Pomegranates, however, are a different story. A few weeks ago, in my post about the changes to US Airway’s inflight magazine, I mentioned that part of the magazine included an excerpt from the new book Rubies in the Orchard, which is Lynda Resnick’s story of the founding and marketing of POM Wonderful pomegranate juice. I said I had read the chapter excerpt in the magazine and was likely to read the whole book at some point. It was merely a mention in a post that wasn’t really about the book at all, but two days later I received the following e-mail:

Amy,

I enjoyed your post, Blogs on Paper at 35,000 feet. Did you pick up the Rubies in the Orchard book yet? I’d be happy to send you some POM juice to enjoy while you’re reading.

Send me your contact info and I’ll get you some juice within a week or so.

Cheers,
Jeff

I sent them my address, more to see what happened than anything else. Today, I received a package in the mail with a case of POM Wonderful juice, a personalized letter, and a fact sheet about pomegranates and their health benefits. I didn’t intend to blog about their outreach, as it’s really nothing new and bloggers are frequently targeted and pitched. But POM Wonderful’s efforts were in such stark contrast to what I read about on Shannon’s blog that in the end, I did end up writing about them again (although I’m sure they’re sad to learn that my blog’s audience is about 15 readers, including my dad).

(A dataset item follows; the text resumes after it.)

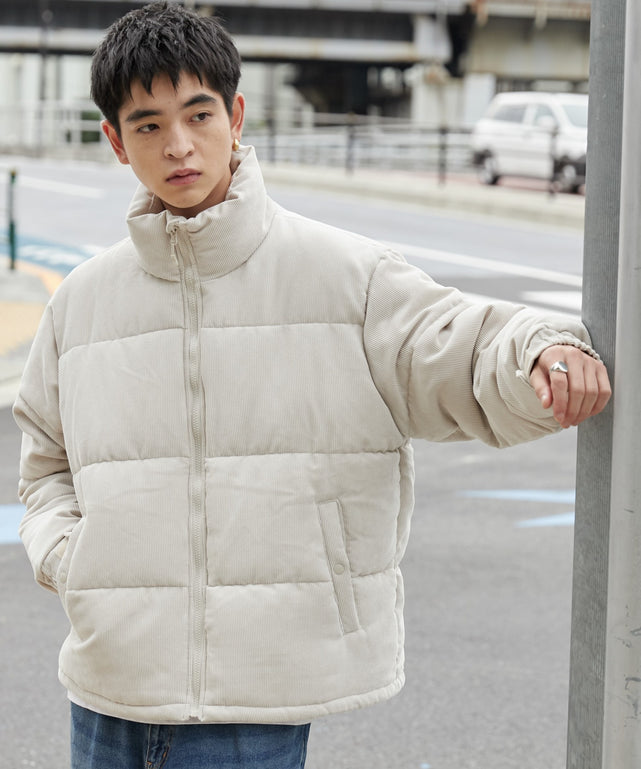 Lベージュ モデル：180cm L着用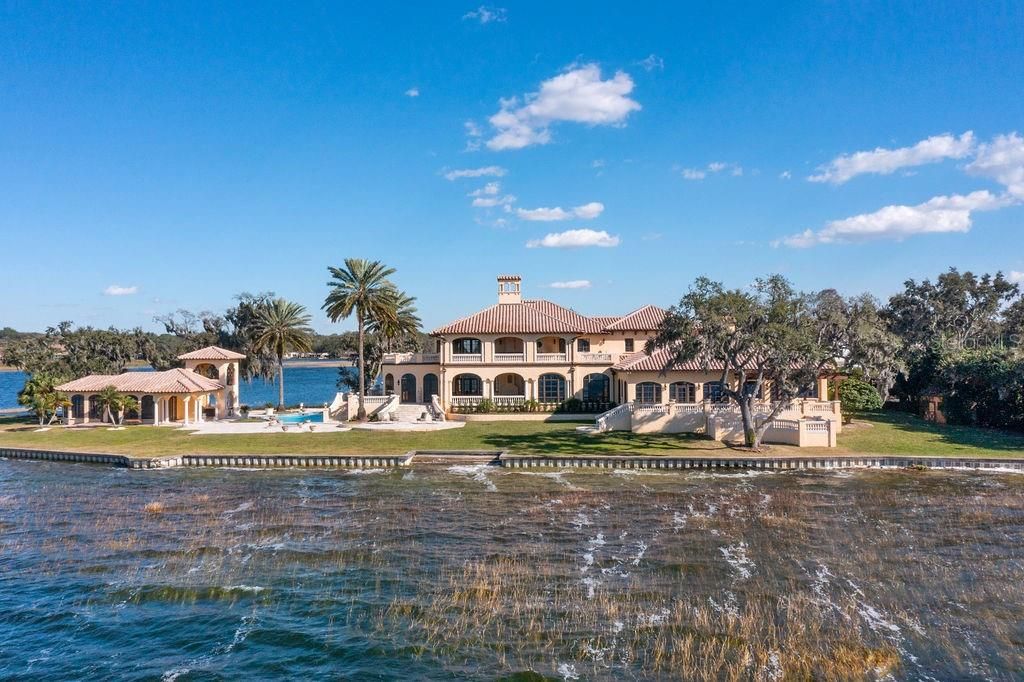 Exterior, Lake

Perhaps most importantly for them, however, is that they’ve gained a customer: I really did like the juice and will probably buy it.

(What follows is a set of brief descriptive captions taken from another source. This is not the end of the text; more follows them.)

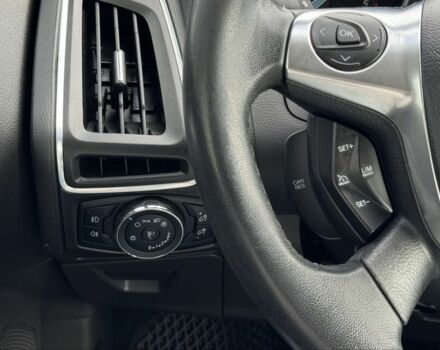 Сірий Форд Фокус, об'ємом двигуна 1.6 л та пробігом 265 тис. км за 8999 $, фото 11 на Automoto.ua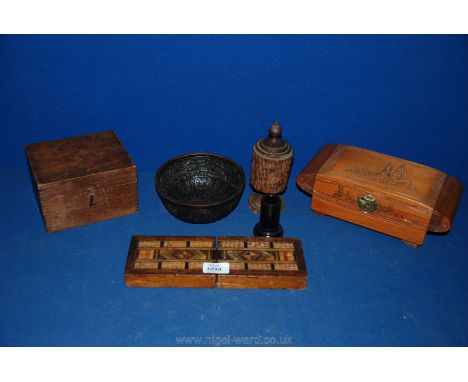 A fitted jewellery box with mirror 10"x 5", late 19th c. folding Cribbage board in mahogany box wood, empty apothecary box, m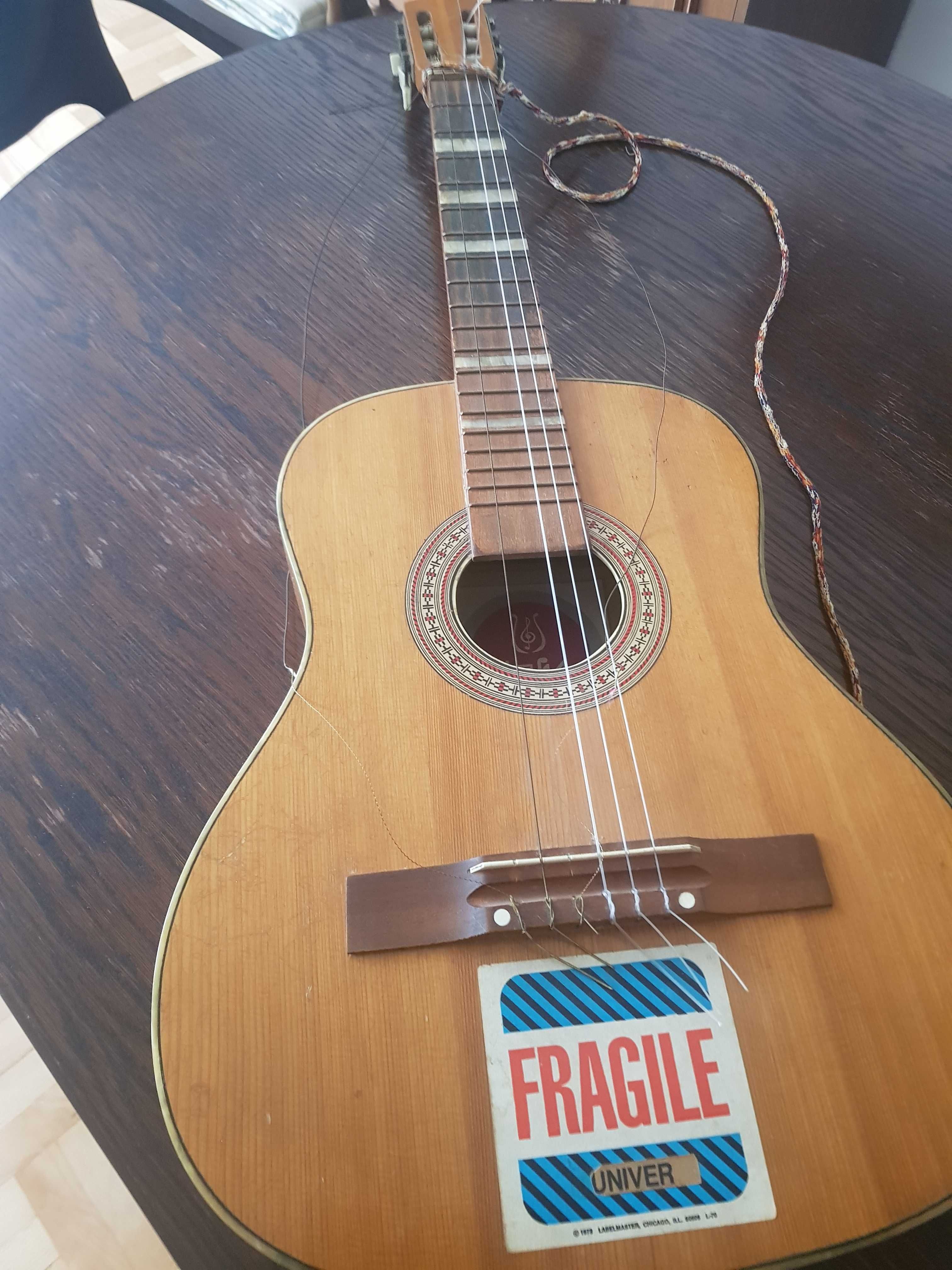 Gitara akustyczna firmy defil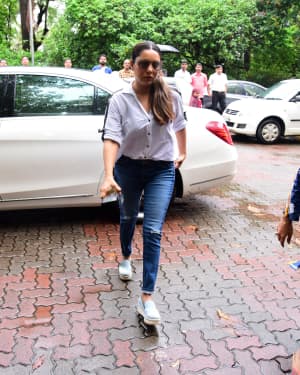 Photos: Bollywood Celebs Pay Last Respects To Areef Patel At His House | Picture 1670639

I’m sure Yes-to-Carrots and POM Wonderful both ended up at Shannon’s and my blogs, respectively, via a Google alert on a certain keyword (although Shannon’s follow-up post seems to indicate that her commenter may have been a regular reader). But what separates the carrots from the pomegranates was what they did with that info. POM Wonderful used it as an opportunity to send me a private e-mail. Yes-to-Carrots inappropriately posted a public comment to Shannon’s blog. As Shannon noted in her own comment, “I can’t think of an example where it would be a good idea to pitch someone in the comments.”

Even though Yes-to-Carrots did the right thing by calling Shannon to offer an apology and trying to start a dialogue with her, she stated that she might now be hesitant to buy a product that she already knew of and liked. Yes-to-Carrots potentially lost a customer because of botched blogger outreach. POM Wonderful gained a customer because they did a good job. Sometimes being a little seedy is a good thing.

Update: Jeremy Epstein, who posted the original Yes-to-Carrots pitch on Shannon’s blog, posted a “learn from my mistake” post at his own blog. Check it out - very impressive and goes a long way toward undoing the “damage” from the initial comment, in my opinion. Kudos to Jeremy!


3 thoughts on “No to Carrots, Yes to Pomegranates

  1. Amy,
    I’m so glad you had such a positive experience with a product pitch. I’ve had the POM Wonderful juice before and it’s definitely a good product.

    I wanted to point out though that in my original post I said I was reticent to buy the Yes to Carrots product because of the negative feelings I had, but honestly, I don’t feel that way anymore.

    Jeremy’s call to me (the Yes to Carrots representative) really did change that. I realized that the negative feelings I had around feeling that my content had been trivialized were resolved when he explained his mistake. Because of the special attention to his response and the realization I made a false assumption makes me *more* apt to buy the product again. Crazy, eh?

    I’m also very glad to have encountered your blog! Thanks for sharing my experience with your readers – and your Dad. ;-) I think there’s a lot to learn from all of this.

  2. Amy,

    Do you think a product pitch to a blogger is more effective than a general pitch? I’m doing some freelancing for my Dad’s small company, Strate Insurance Group (www.strateinsurance.com). He just moved into a new office building, so I’m pitching some reporters and bloggers about a biz that’s doing well in the economy, small biz success, etc.

    I am a blogger, too, and I think I’d be more willing to post about someone if they offered me something. With the situation with my Dad, I don’t want to compromise the brand or the personality of his company. Plus, I don’t know what we’d send a blogger- a free quote on some health insurance? :)

    I’d love your input.

    Thanks!
    @katlady

  3. Thanks for the kudos. Appreciate it. Now I just have to figure out how to undo the rest of the “damage” Ouch.